Material to process:
——————————
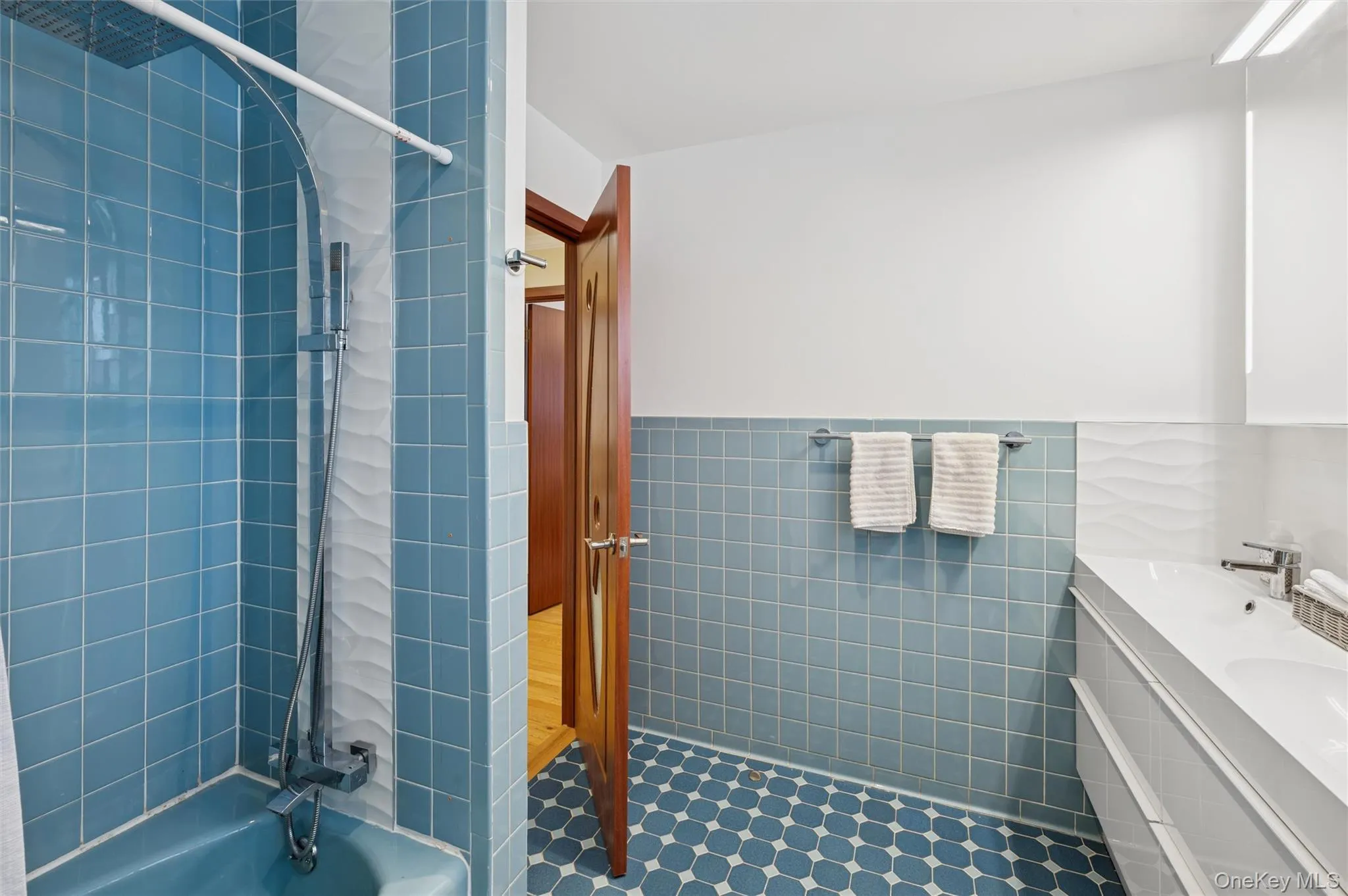 383 254th Street, New York, NY, 4 Bedrooms Bedrooms, 7 Rooms Rooms,3 BathroomsBathrooms,Residential,For Rent,254th,0,954990 383 254th Street, New York, NY, 4 Bedrooms Bedrooms, 7 Rooms Rooms,3 BathroomsBathrooms,Residential,For Rent,254th,0,954990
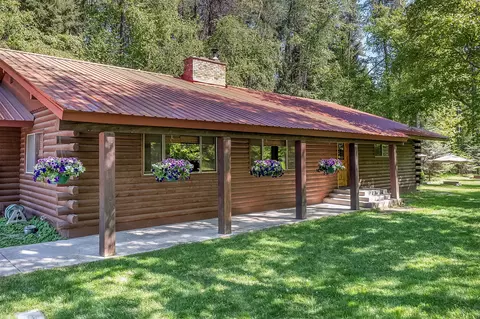 945 Swan River Rd, Bigfork, MT 59911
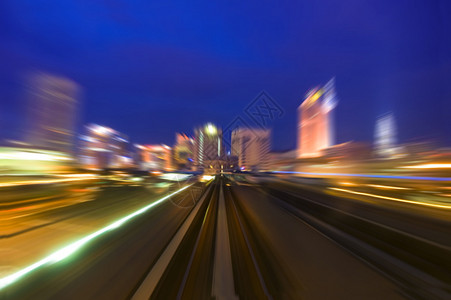 黄昏时的城市夜间交通景色图片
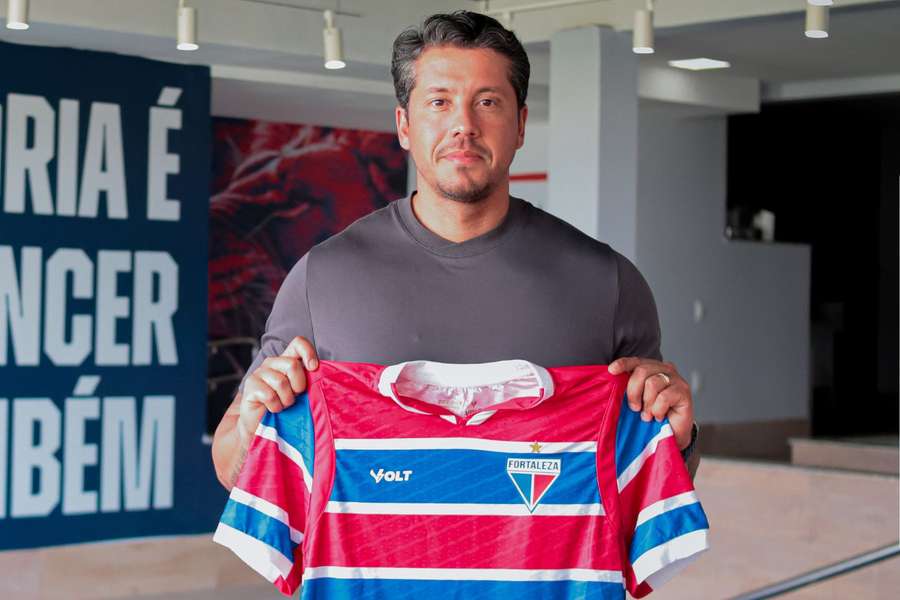 Thiago Carpini assumiu o comando do Fortaleza para 2026 Thiago Carpini assumiu o comando do Fortaleza para 2026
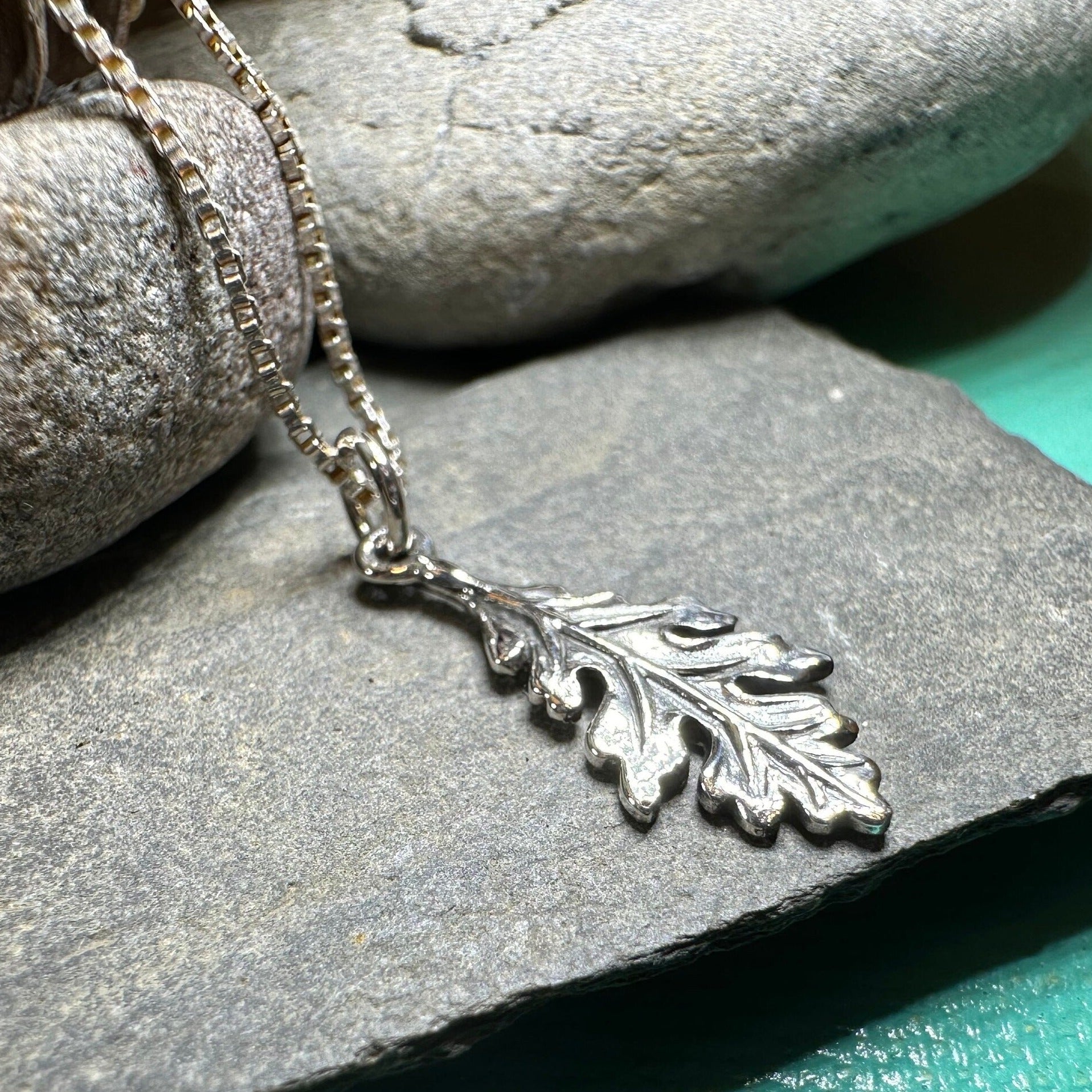 Petite Realistic Oak Leaf Necklace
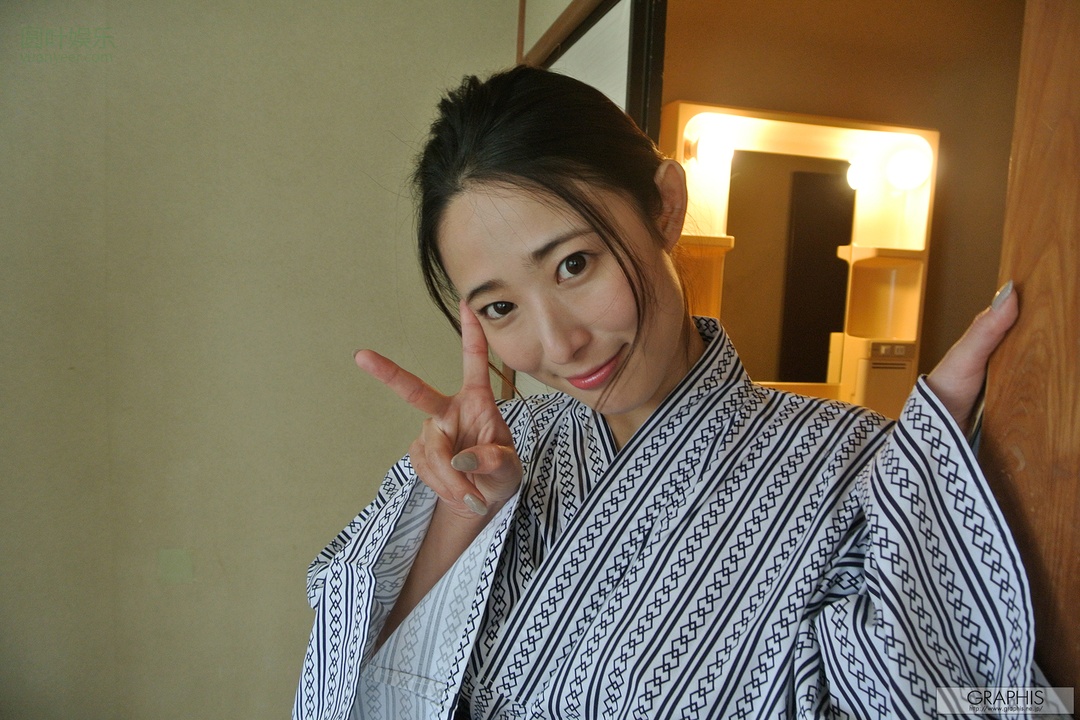 (2020 - 07 - 03) MATSUOKA Suzu (松冈すず) - Raw Expression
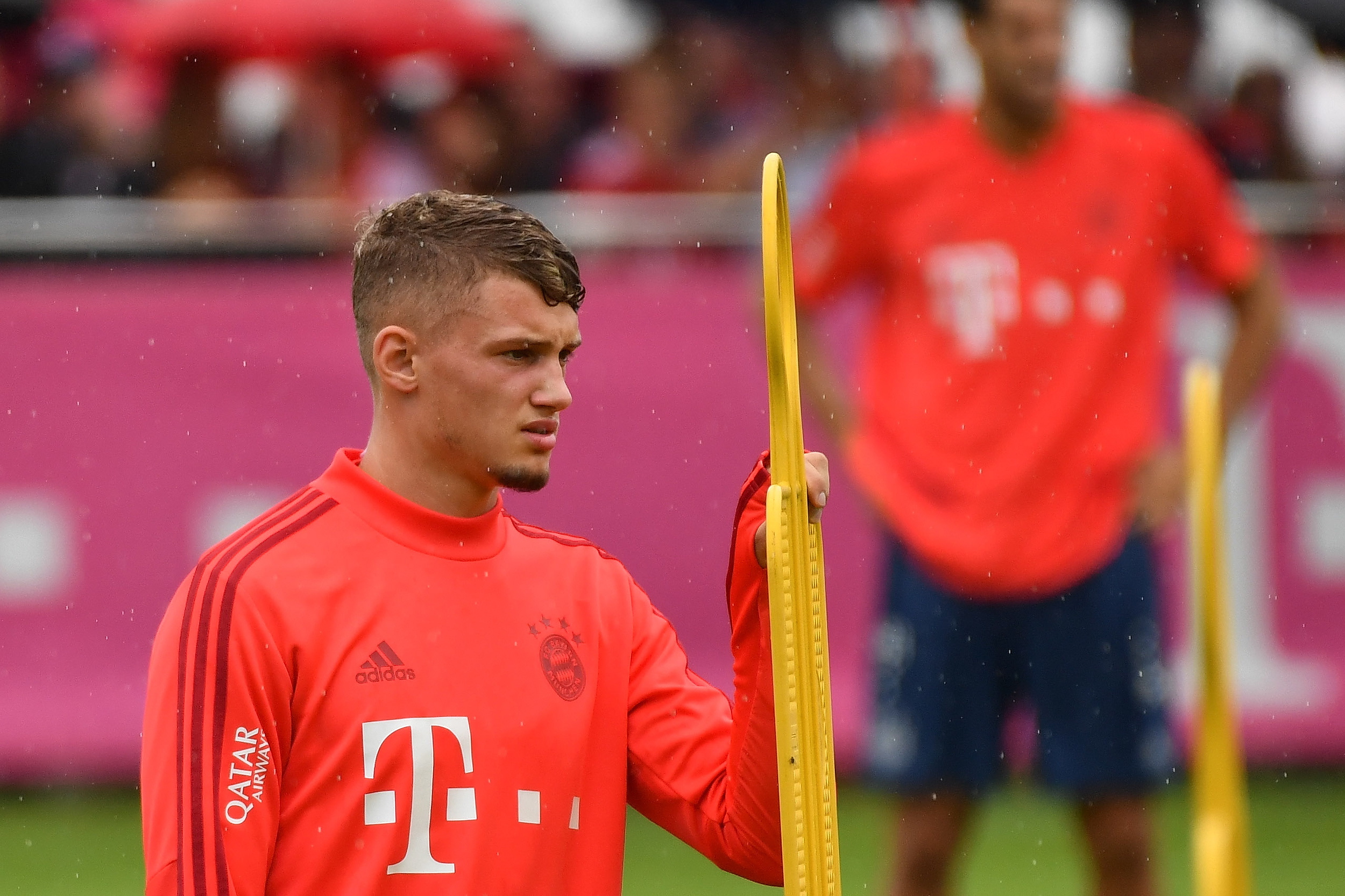 开云体育下载-包含今夜体能课后，金州勇士调整名单备战德甲，赛场秩序良好，身体对抗强度拉满的词条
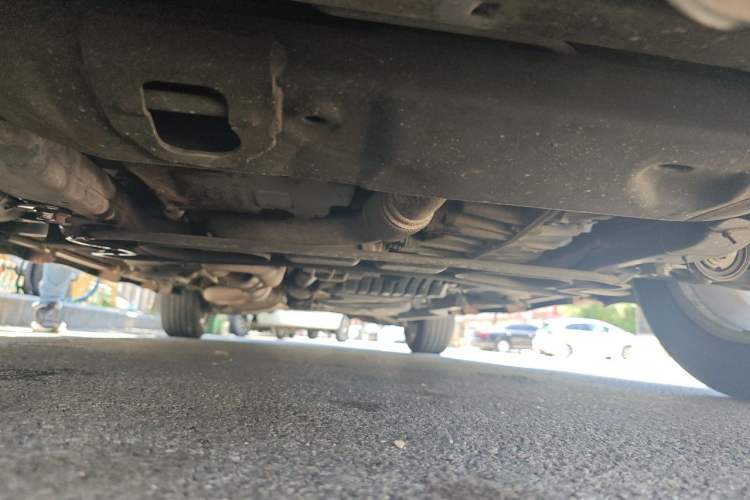 Used Buick Enclave 2013 3.6L Four-Wheel Drive Elite Edition Chassis Front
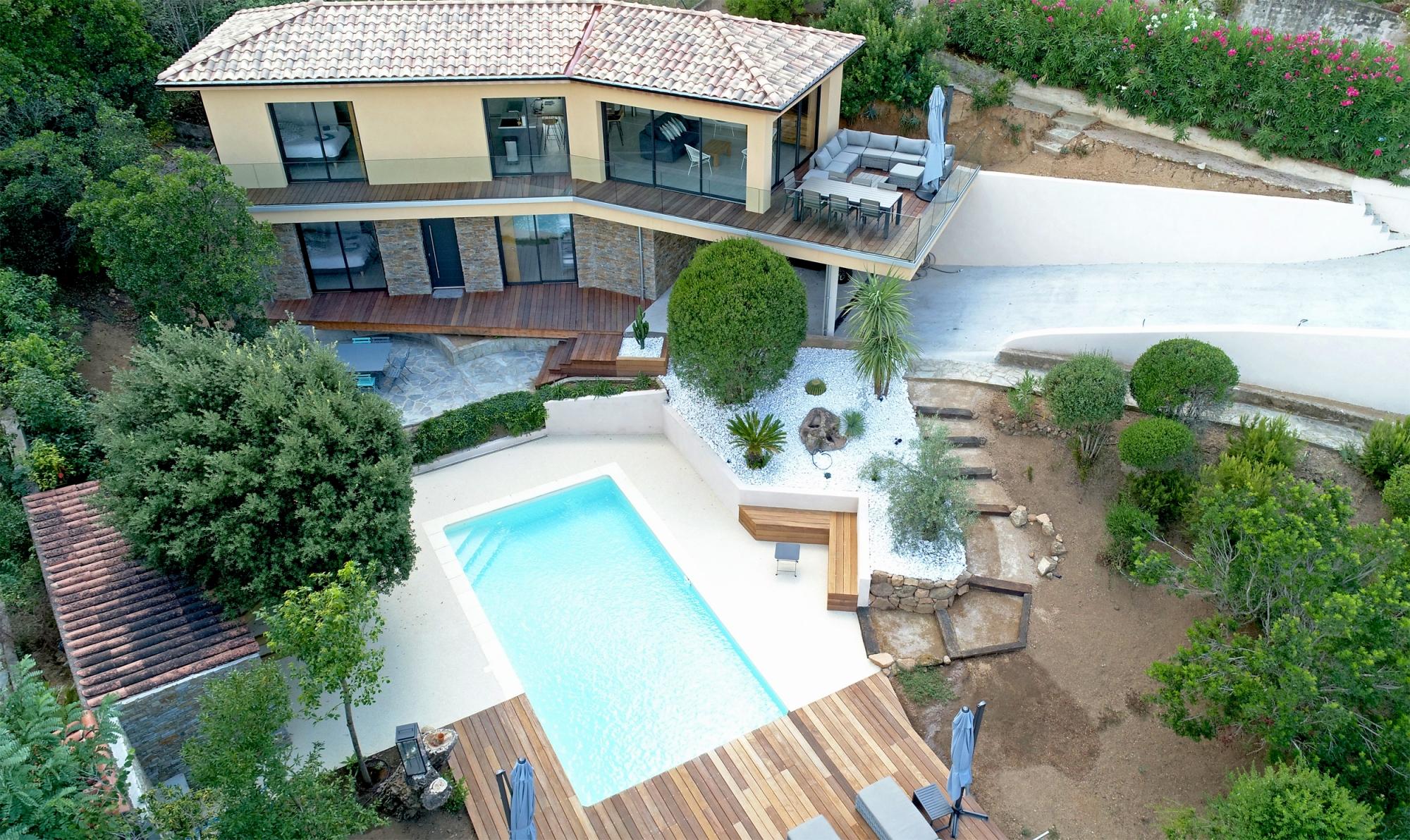Realisation Sous bassement beton dalle bois SARL DOMUS ECOLOGIA Construction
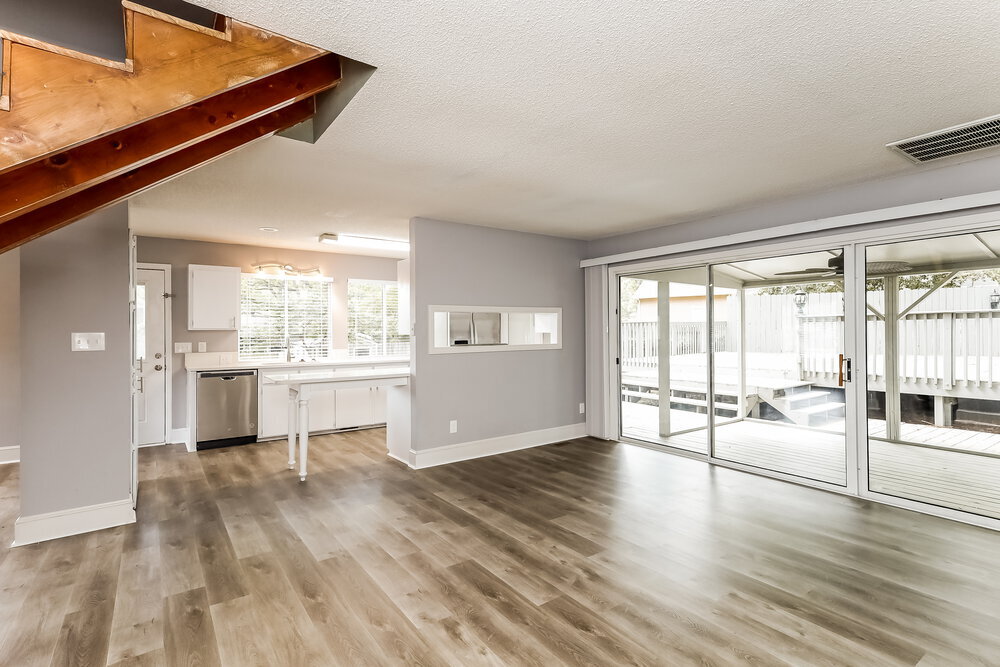 Building Photo - 304 S Westover Dr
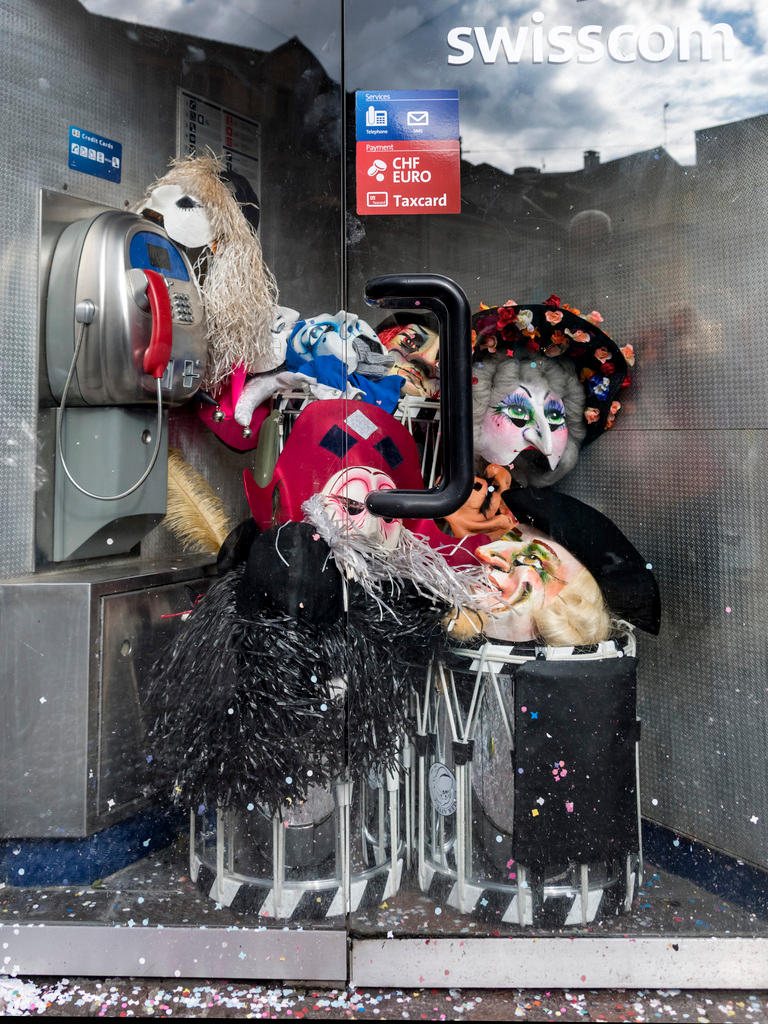 Une cabine téléphonique avec de l équipement de carnaval.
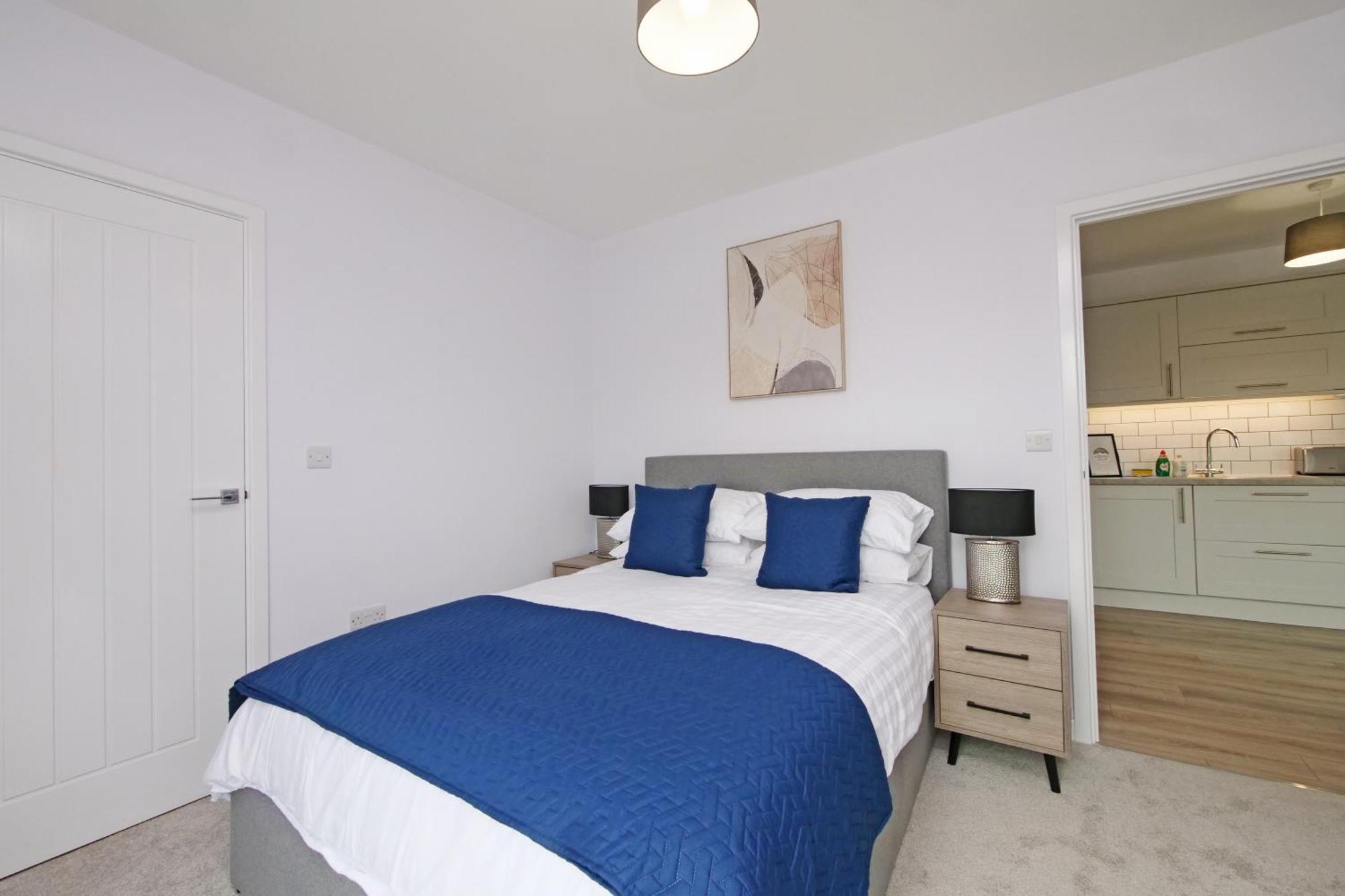 46 Luna With Free Parking Apartment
——————————
What the task requires:
No pictures belong in the copy. Retype exactly, and only, the lines from the line containing "Realisation Sous bassement" through the last line of the data, both included.

Reply:
Realisation Sous bassement beton dalle bois SARL DOMUS ECOLOGIA Construction
 Building Photo - 304 S Westover Dr
 Une cabine téléphonique avec de l équipement de carnaval.
 46 Luna With Free Parking Apartment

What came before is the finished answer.